In contrast to the moderation effect of LDL-C, other lipids did not have any relationship with Aβ or tau accumulation in our study. Several studies have shown that high TC or low HDL-C levels are associated with clinical diagnosis of AD dementia or cognitive impairment (43, 44). However, direct comparison between the findings of the previous studies and those of the current study is not easy because the considerable differences in study methodology. While we focused on the associations of lipids on in vivo AD pathologies, most previous studies did not measure the pathologies and just investigated the relationship with clinically defined AD dementia or cognitive impairment (43, 44). Approximately 14–32% of clinically defined AD dementia cases (45) and 29–73% of MCI cases did not exhibit Aβ pathology in the brain.46 In addition, many of the previous studies investigated the relationship between lipid levels in midlife and dementia in late-life (43, 44) while we measured lipid levels and in vivo brain pathologies in late-life. A study reported that high midlife TG levels were associated with increased brain Aβ and tau pathology after 20 years (11).

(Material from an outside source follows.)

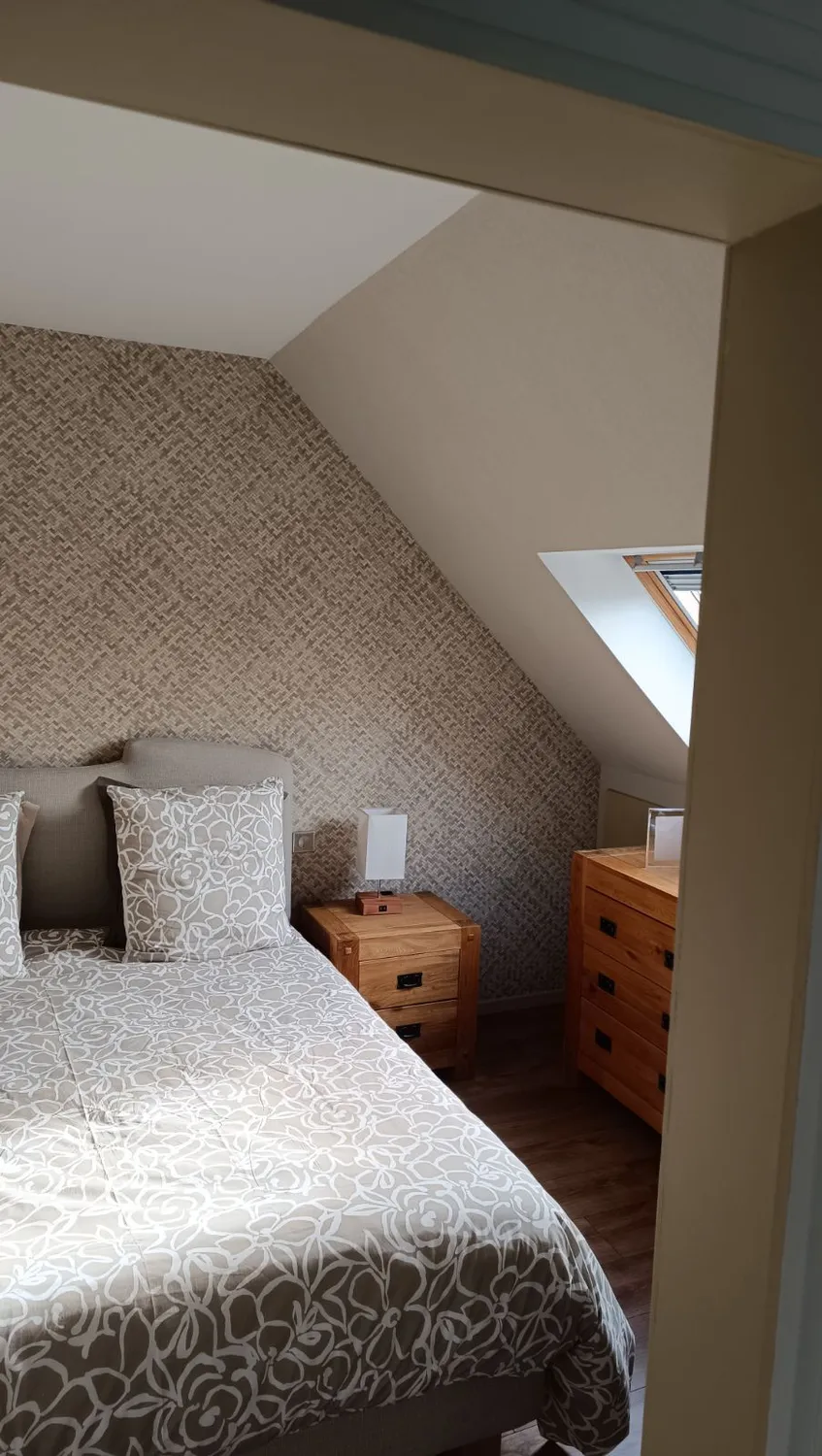 enduit decoratif taillis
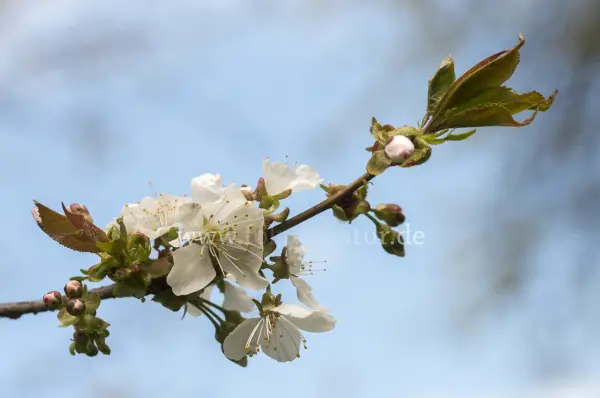 Fokus-Natur Bild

Our exploratory analyses showed that serum LDL-C was positively associated WMH volume, but other lipids were not. This is consistent with the results of other studies: An observational study showed that high blood LDL-C was associated with increased WMHs (47), and another study also reported that LDL-C was related with periventricular WMHs, but other lipids, i.e., TC, HDL-C, and TG, were not (48). Since brain endothelial cells are sensitive to circulating LDL-C levels, impaired vascular responses are induced through oxidative stress and the secretion of inflammatory mediators caused by increased LDL-C (49).

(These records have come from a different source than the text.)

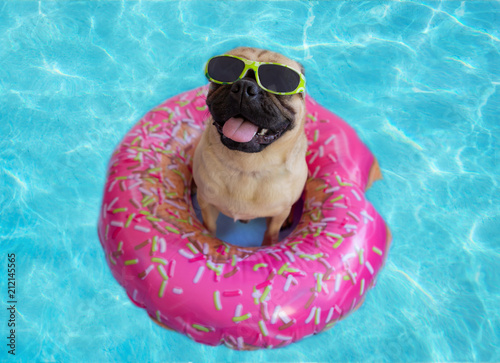 Zdjęcie XXL Śliczny mops pływający w basenie z pierścieniem urządzenia flotacji i noszących okulary przeciwsłoneczne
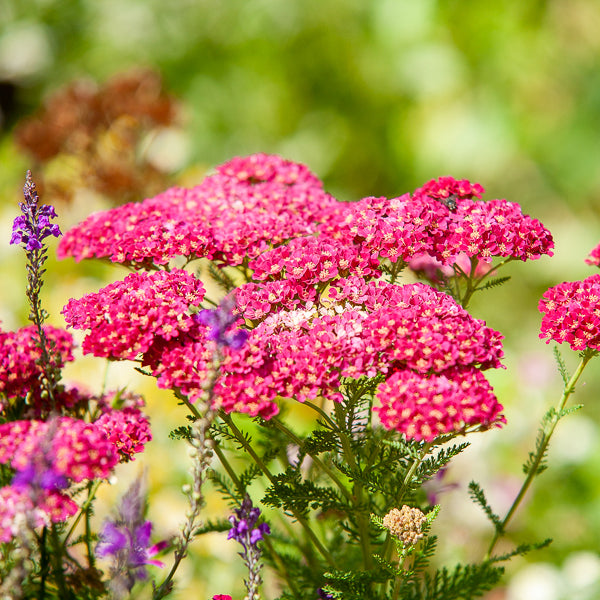 Verkoop Duizendblad millefeuille Paprika - Achillea millefolium Paprika
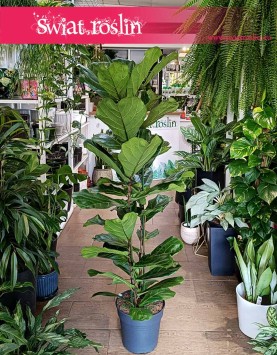Duży Fikus Lyrata, Wielki Figowiec Lirolistny, Duży Fikus Dębolistny, Wielki Ficus Lyrata sklep z roślinami online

Our result that serum LDL-C has a moderating influence on brain Aβ-tau association in human is new. The present study does, however, include several limitations that need to be taken into account. Firstly, because this research was cross-sectional, no causal connections can be determined by the results. Additional prospective longitudinal research is necessary. Second, it may have been difficult to identify a direct link between higher serum LDL-C levels and each of Aβ and tau deposition because of the limited number of participants (n=48, 34.6%) with unusually high serum LDL-C levels (116mg/dL). Lastly, while amyloid PET and MRI scans were performed at baseline, tau PET scans were conducted on average 2.6 years (standard deviation = 0.3 years) after the baseline visit. The relationship between blood lipids and tau deposition may have been affected by this time gap. However, the results remained consistent when the temporal gap was adjusted as an extra covariate.

Our findings suggest that blood LDL-C synergistically increases tau pathology with Aβ deposition. In terms of AD pathophysiology, more attention need to be paid to the role of LDL-C.